Otoño

Las caracolas del otoño suenan a melancolía desde el mar a la campiña, desde las tímidas fragas a las despejadas cumbres. Sonrojando viñedos, vistiendo de ámbar las esbeltas copas de los olmos y de marrón, ruiseñor, soutos y carballeiras. Es el quehacer veterano de un tiempo en el que la memoria confunde, amable, los alegres pasos de las estaciones que le preceden con el fin, imposible, de trascender o entender. Qué éramos, qué fuimos…, qué importancia tiene interrogarse sobre aquello que no tiene ya ser en el ser, que no va a ser. Fronda, solo, como la de la naturaleza, y como ella capaz de deslumbrar y alumbrar en un tiempo que, por ser circular como el de los astros que gravitan en el universo, hemos de transitar y dejar atrás.
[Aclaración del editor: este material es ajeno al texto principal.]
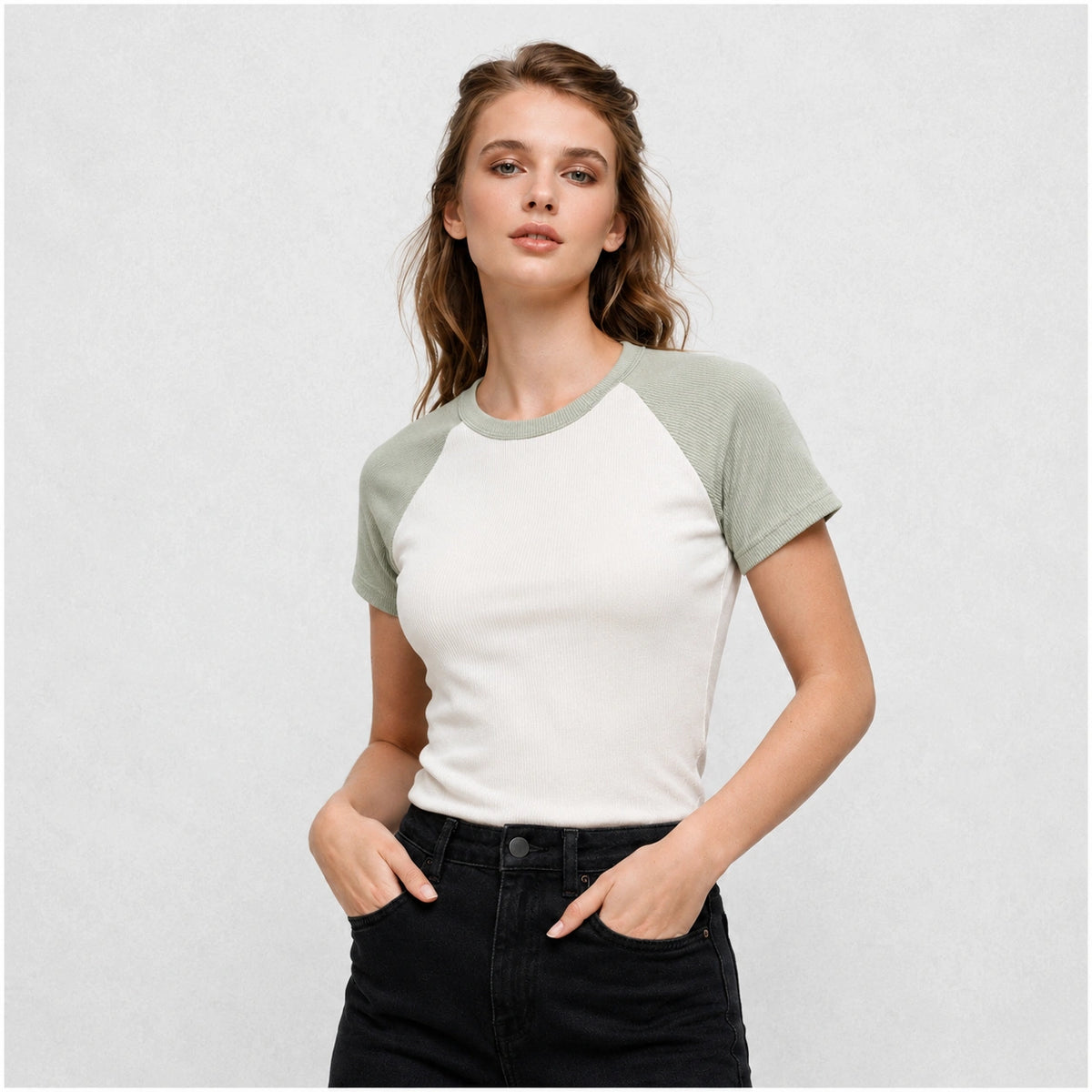 تيشيرت راجلان Raglan Ribbed T-Shirt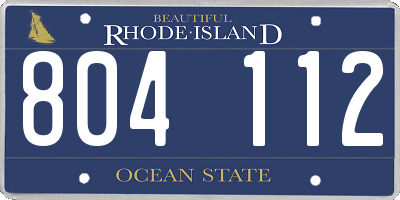 RI license plate 804112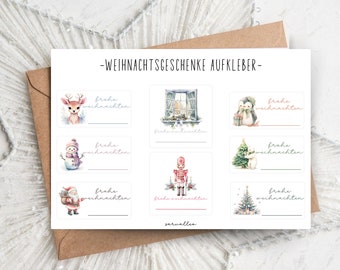 Geschenkaufkleber Sticker Sheet, Sticker Weihnachten, Adventskalender, Geschenkanhänger, Weihnachtsgeschenk, Sticker Geschenke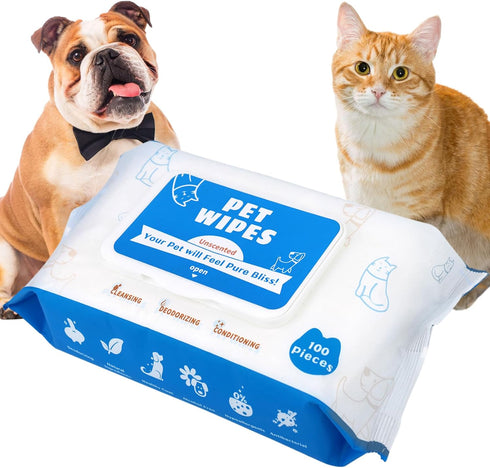 Pet Wipes for Dogs, 100Pcs Unscented with Vitamin E, Gentle Cat Wipes for Muddy Paws, Face, and Ears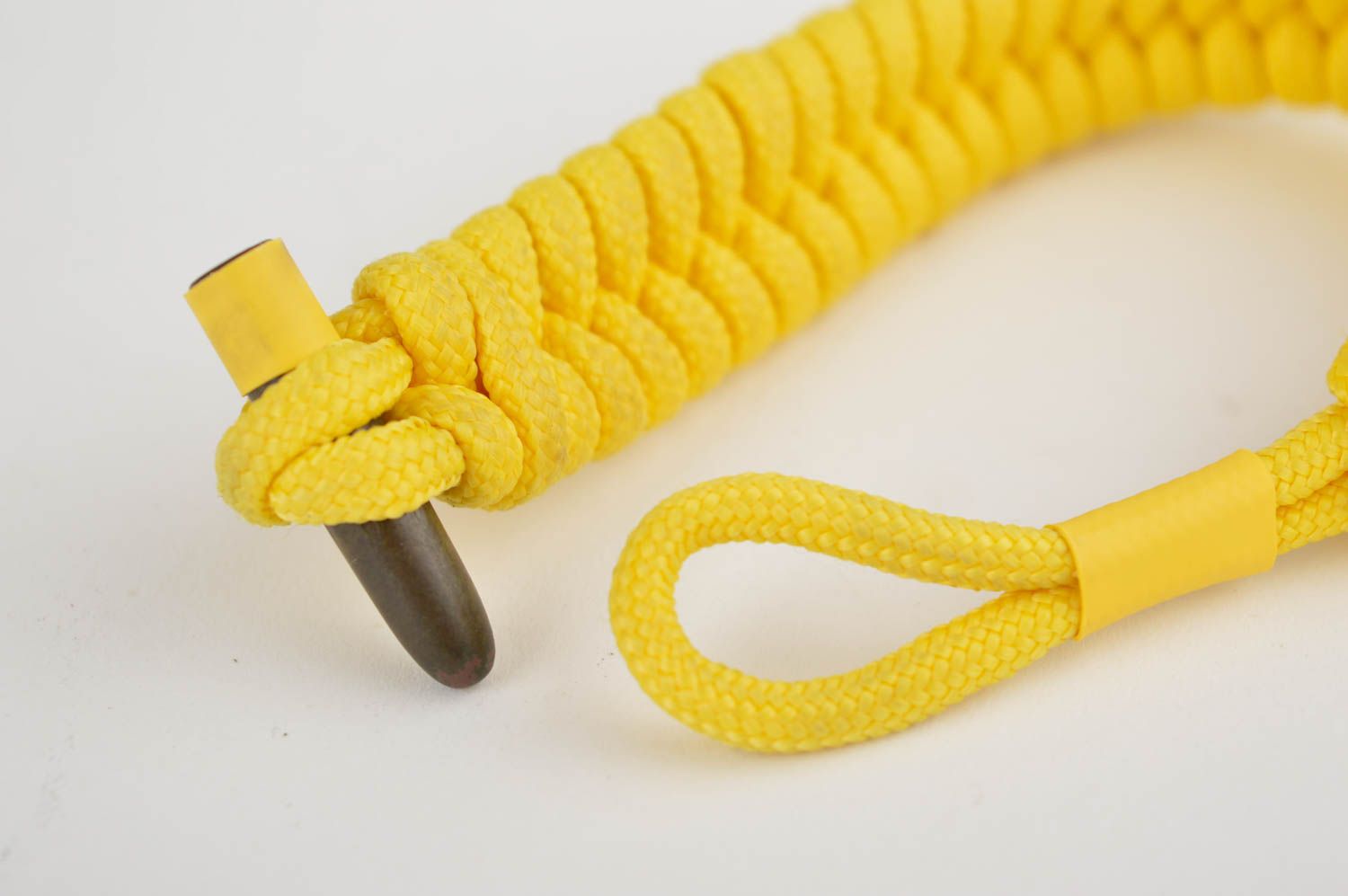 Bracelet paracorde Bijou fait main tressé jaune Accessoire original pour homme photo 3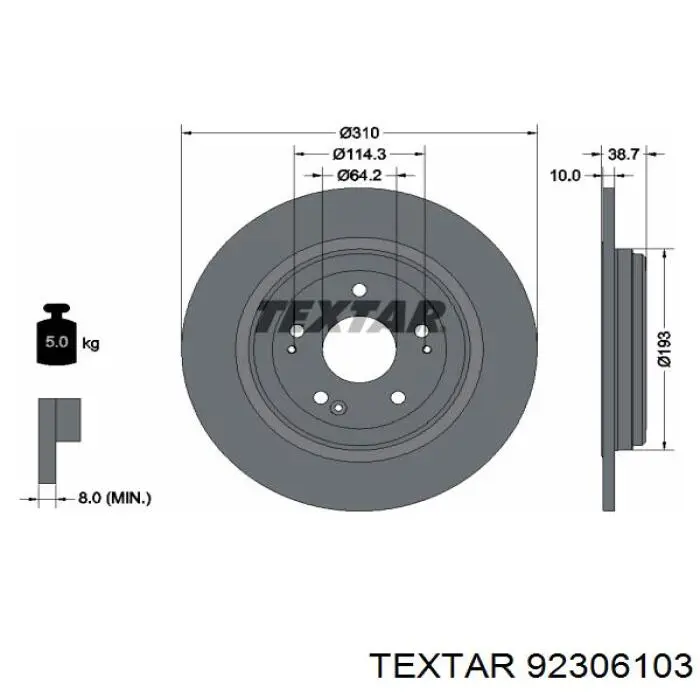 Задні дискові гальма Textar 92306103 ціна, від 38.19 USD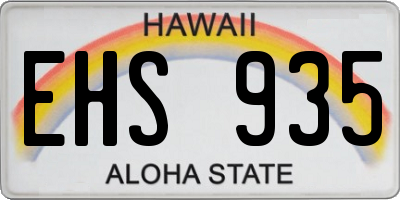 HI license plate EHS935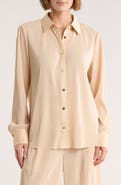 Gemma + Jane Plissé Charmeuse Button-Down Shirt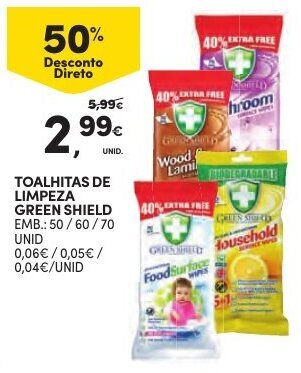 Continente Toalhitas de Limpeza Green Shield 50/60/70 Unid promoção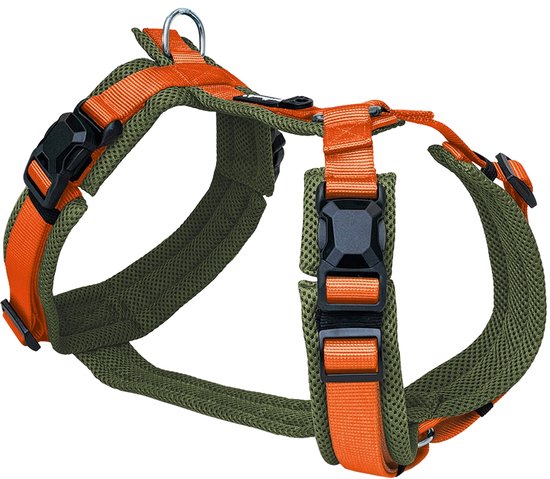 Harness Y-Comfort Olive-Orange met magnetische sluiting - maat XL 68 – 100 cm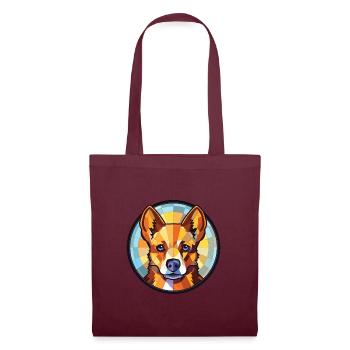 Lancashire Heeler Hunderasse buntes Aquarell - Stoffbeutel - Burgunderrot - Vorne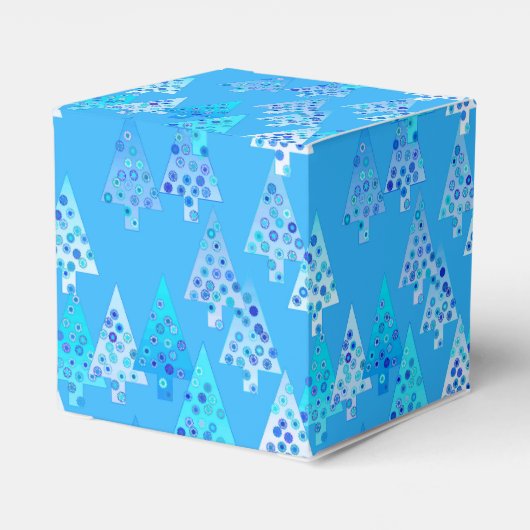 Moderne Blume Weihnachtsbäume - Himmel blau Geschenkschachtel (Rückseite)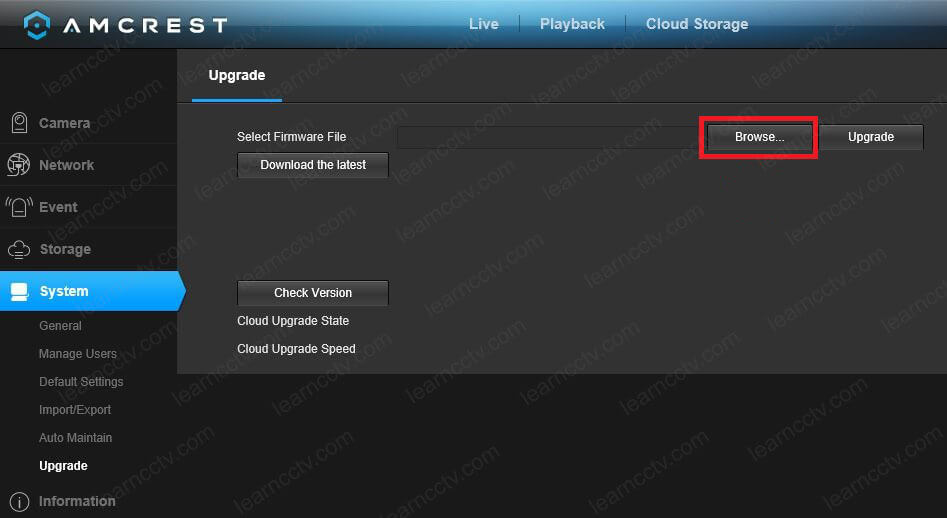 Amcrest Camera Web Interface Upgrade Browse Button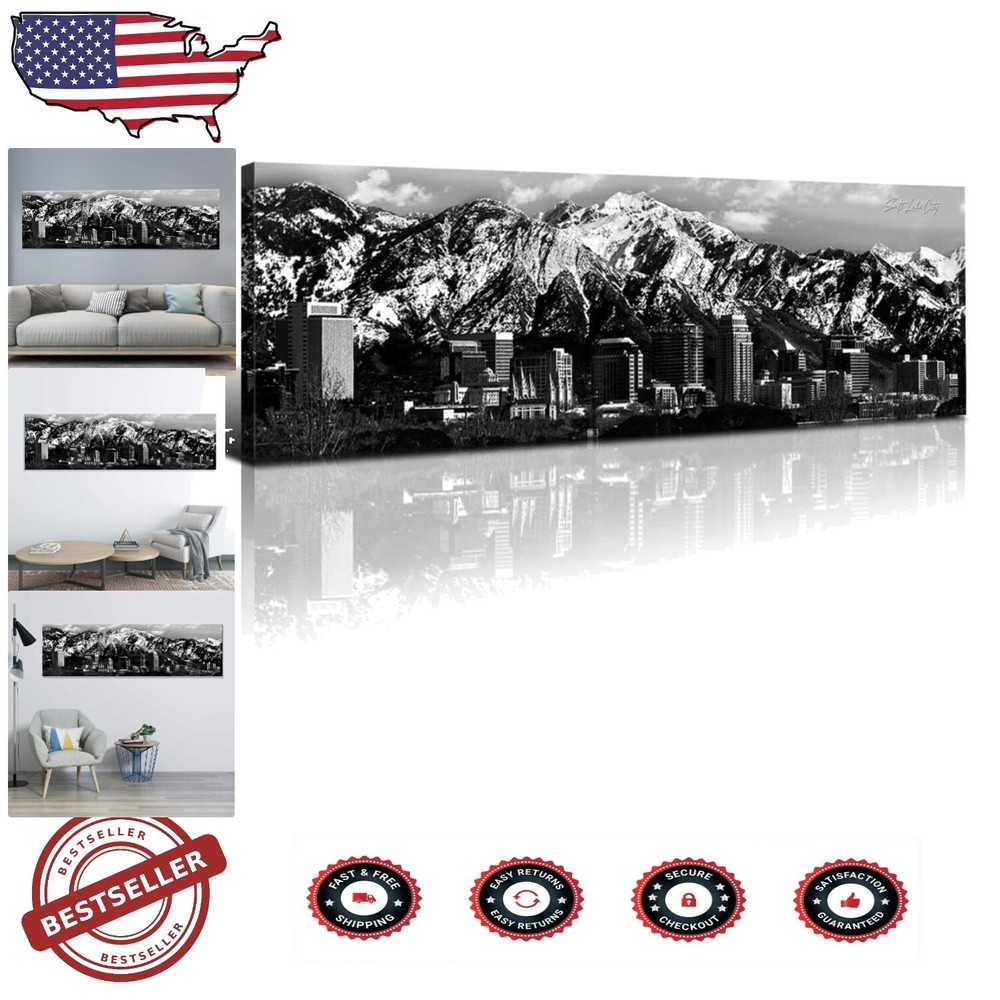 Stunning 14x48 Salt Lake City Skyline Art - Premium Black and White Canvas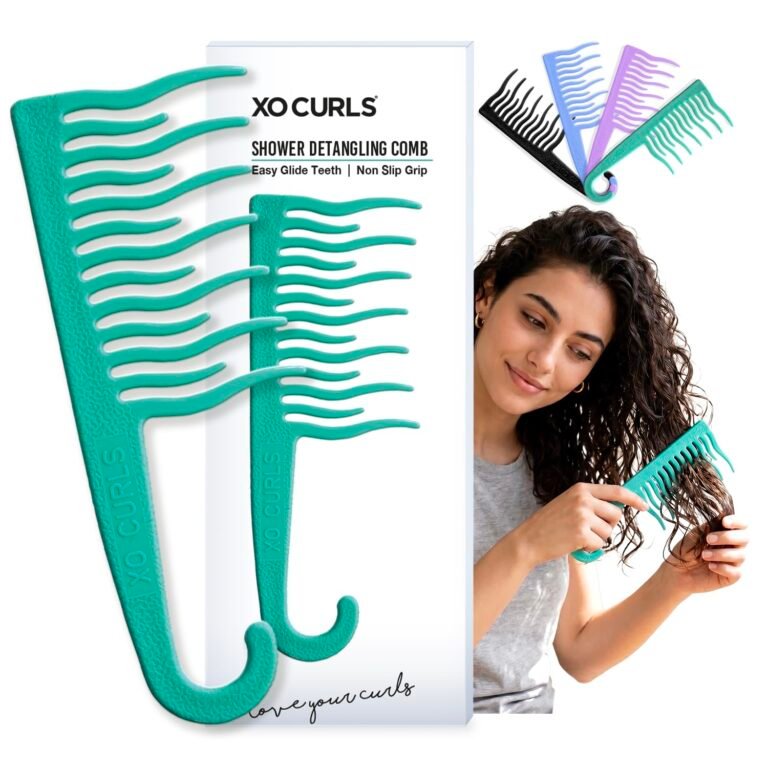 XO Curls Shower detangling hair comb, Wide tooth comb, Comb with hook for easy hanging in shower, Gentle on Scalp, Hair comb for with curly & wavy hair – Green (Pack of 1)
Recordar, solo eso, y así corroborar la triste nueva de una alegría, la de comprobar que poco queda de lo vivido en el ser de la memoria y cuánto por vivir en el cotidiano discurrir de esa continua discordia que es la vida.


Es el otoño, suspiramos, presos de su mansa brisa, llenos los ojos de su tibio sol, amigos de su melancolía y recelosos de su monomanía. La conmoción que arrastra el otoño es más intensa que aquella que canta el verano y susurra la primavera, sin embargo, lo sentimos discurrir calmo en nuestro ánimo, acariciar tierno el rostro y detenerse ceremonioso en nuestros actos, pesares y pensamientos, porque el otoño es un frenesí íntimo e inaplazable, para seguir, digo: para vivir.